A PLAN to close fire brigade control rooms across the region and create a single regional centre has been branded crazy.

Control room services across the North-East could be merged at one centre.

Services in North Yorkshire would also be directed by a new centre within the Yorkshire region.

The Northern Echo revealed earlier this year that the Government had separate plans to replace Durham, Cleveland, Tyne and Wear and Northumberland brigades with one "super brigade".

The firefighters' union has obtained Government plans to close 49 control room across the UK and move them to nine regional centres, and said it could take industrial action to block the scheme.

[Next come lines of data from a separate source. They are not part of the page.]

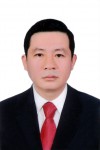 Văn Ngọc Phong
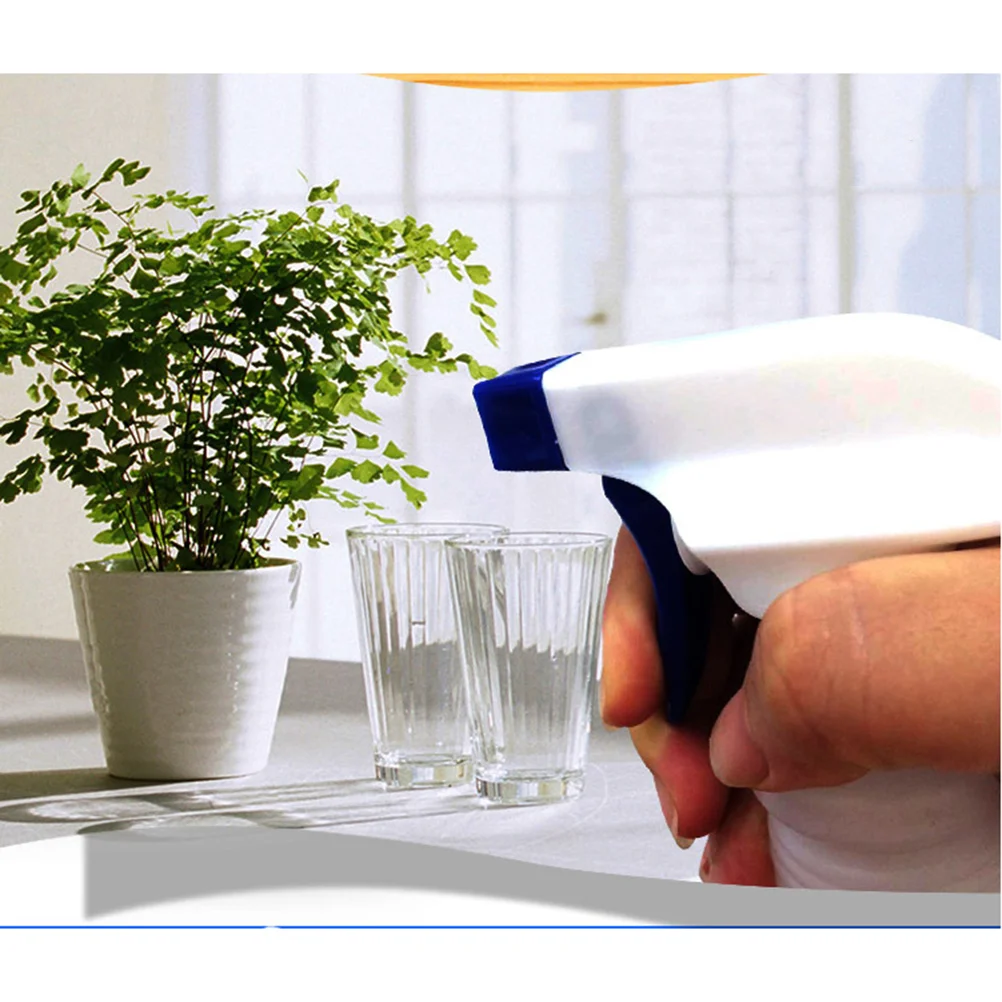 ǳ  ǿܿ ڵ  , ٿ뵵  Ŭ ̳,  , 750ml, 5 
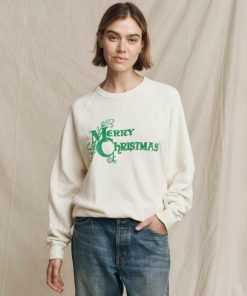 Truefitco.shopf999a4f2fa 1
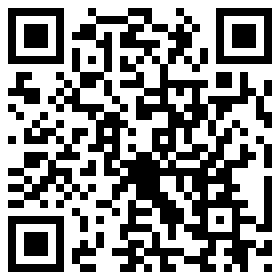 qrcode für HPE  - INT XEON 6334 KIT APOLL STOCK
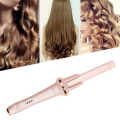 Плойка профессиональная Hair Curler LY-884 ∙ Профессиональные электрические LY-884 щипцы для завивки волос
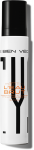 NARCYSS Perfecting Facial Valiklis veido prausiklis, 100 ml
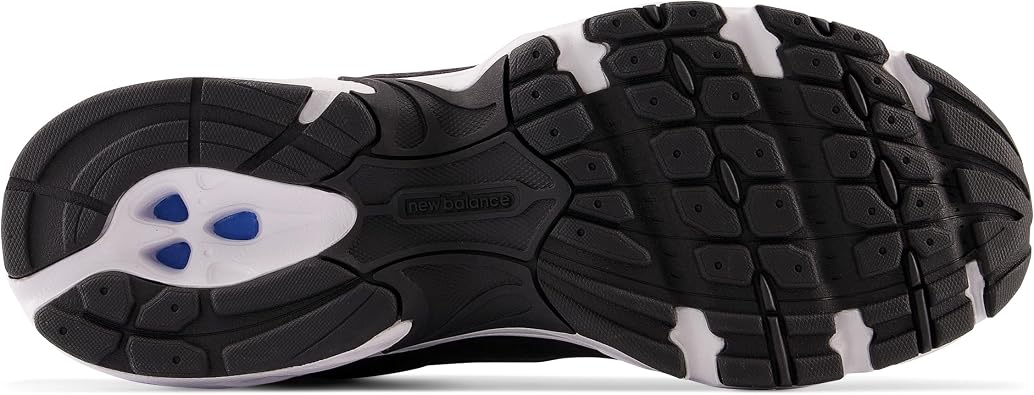 New Balance Men's 530 Sneaker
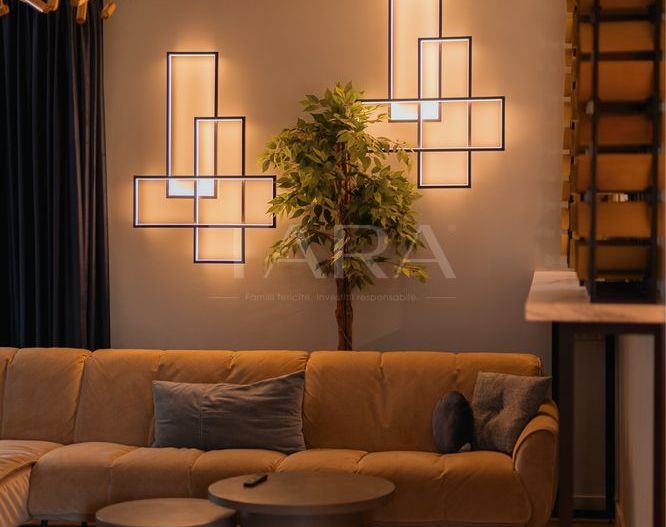 Oferă-ți Confortul și Eleganța pe Care le Meriți! - Poză 2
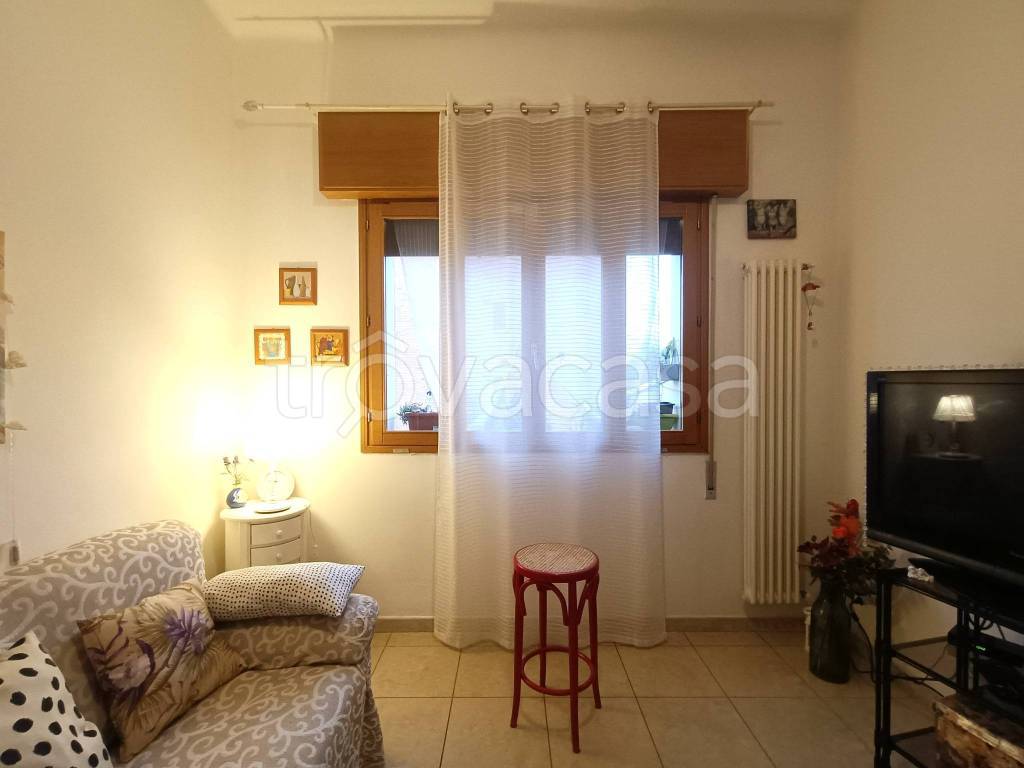 immagine annuncio 6 di 14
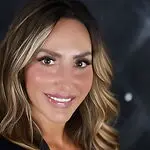 Summer Eidson, Senior Business Development Manager on Influential Women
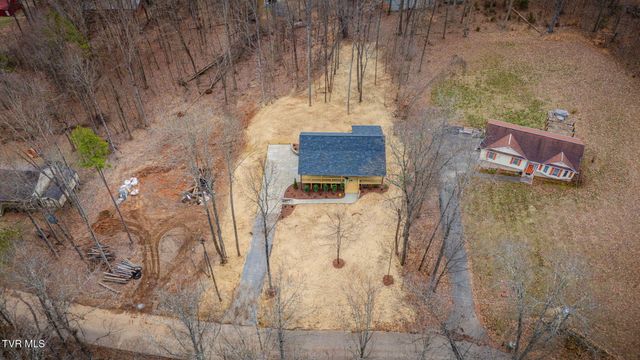 137 Madeline Lane, Rogersville, TN 37857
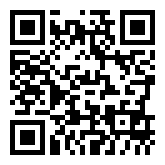 http://www.wlinfor.com/post/73391.html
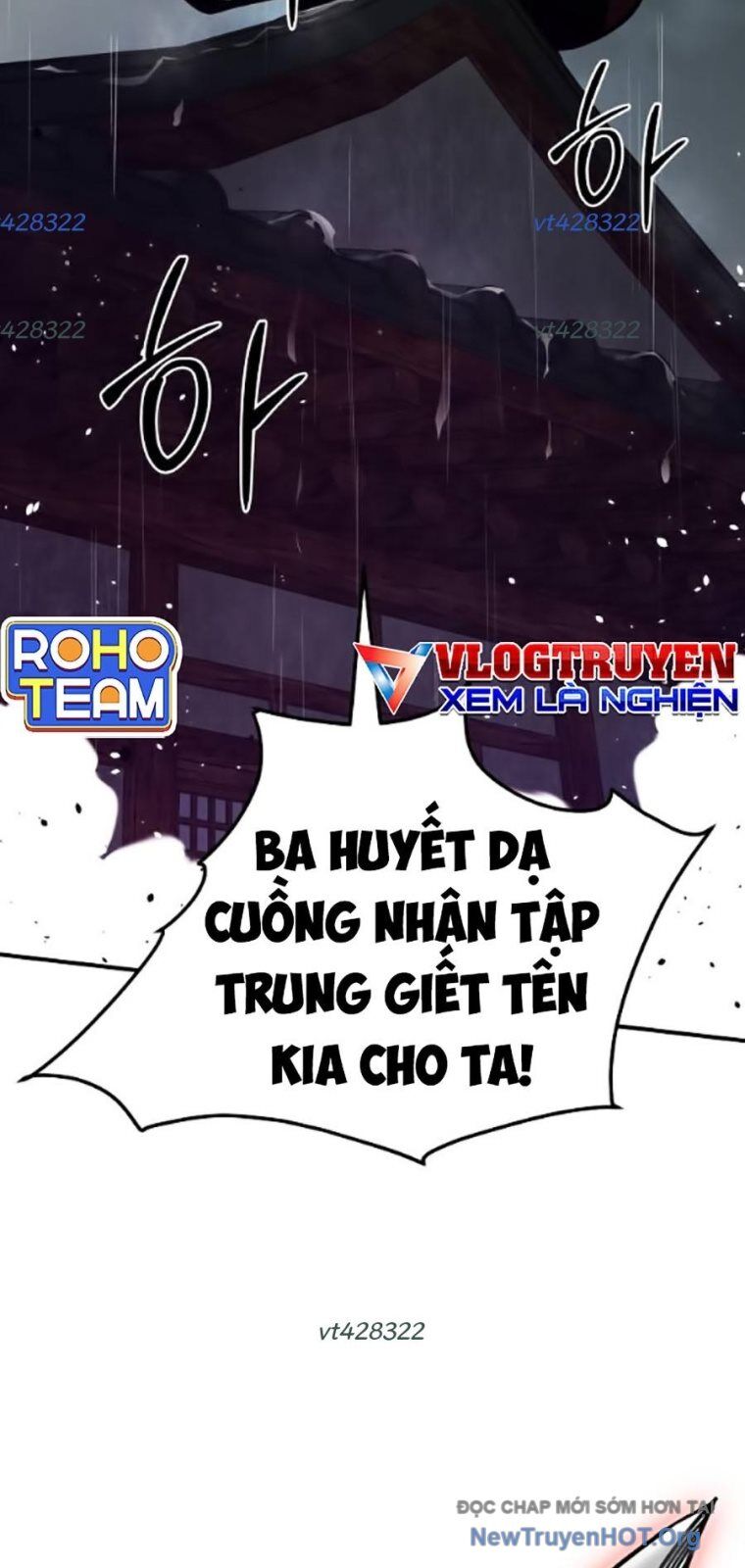 Tiểu Tử Đáng Ngờ Lại Là Cao Thủ [Chap 99-101]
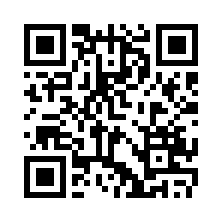 QR Code for bitcoin:3QyN6tHiPyPg3d1p4AdBtHR3eZLZqCJgDs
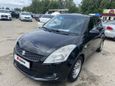  Suzuki Swift 2011 , 525000 , 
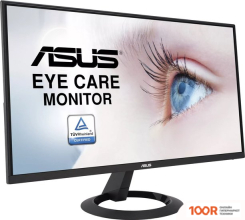 Монитор ASUS EYE CARE VZ22EHE (165306)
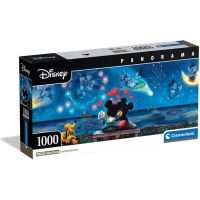 Disney+ - Noaptea magică a lui Mickey și Minnie puzzle panoramic de 1000 de piese cu poster - Clementoni - d/i/Disney--Noaptea-magica-a-lui-Mickey-si-Minnie-puzzle-panoramic-de-1000-de-piese-cu-poster--Clementoni-1.jpg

There are already plans to move Cleveland Fire and Rescue brigade headquarters, in Hartlepool, to the police headquarters at Ladgate Lane, in Middlesbrough, by 2007 at a cost of £2.7m of Government money.

The plans to restructure the entire fire and rescue service across the UK has been branded crazy by the Fire Brigades' Union, which said the proposal would drain money from services.

A spokesman for the union said the Government had overestimated savings and wanted to use private money to build control rooms that would not be available to public scrutiny.

In a report titled Out Of Control, the union said that building larger regional centres would make them easier targets for terrorist attacks and lead to a loss of local knowledge.

The union's president, Ruth Winterson, said: ''Costs are underestimated to create a false picture, and local council taxpayers will be lumbered with unwanted regional control rooms and left to pick up the long-term bills.

''Emergency fire control rooms are cost-effective, and those who work in them save lives and are highly professional."

The Government denied the claims from the union and said that technology to enable control rooms to pinpoint the location of callers and vehicles made the importance of local knowledge a myth.